Stereo Imaging, Amplitude Differences, Time Arrival Differences, and the Precedence Effect

Introduction

How “Stereo” is heard (for most people):

When humans hear two simultaneous arrivals of the same sound from different directions at the same amplitude, the “stereo” illusion is that the source is not from two different directions (i.e., from two separate speakers), but from a “phantom” location between those speakers.

Anybody who’s twiddled with the balance control has figured out that changing the relative amplitude between two sound sources will alter the perception of the direction of that “phantom” source, moving it towards, and ultimately directly from, the source with the highest amplitude. Recording engineers have used “balance” controls, i.e., what they refer to as “Pan Pots,” to pan sounds across the “stereo” sound field, from left to right or back again in the same way for many years, allowing them to “place” different tracks in different perceived locations across the soundstage.

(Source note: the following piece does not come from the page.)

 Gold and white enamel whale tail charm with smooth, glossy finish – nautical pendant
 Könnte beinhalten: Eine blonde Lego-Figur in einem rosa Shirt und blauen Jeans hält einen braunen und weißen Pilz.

When sounds happen in real space, they also create reflections, which arrive later, due to the fact that their paths are always longer than that of the straight shot of direct sound. Our sophisticated auditory processing uses these reflections in conjunction with the direct sound to figure out things about the environment, the relationship of the source of the direct sound to the environment, our relationship to the environment, and ultimately, our relationship to the source. Details about the size of the environment, the nature of surfaces around the listener and the sound source, as well as the location of nearby reflective boundaries can easily be discerned by those inclined to pay attention, much like an unconscious sonar.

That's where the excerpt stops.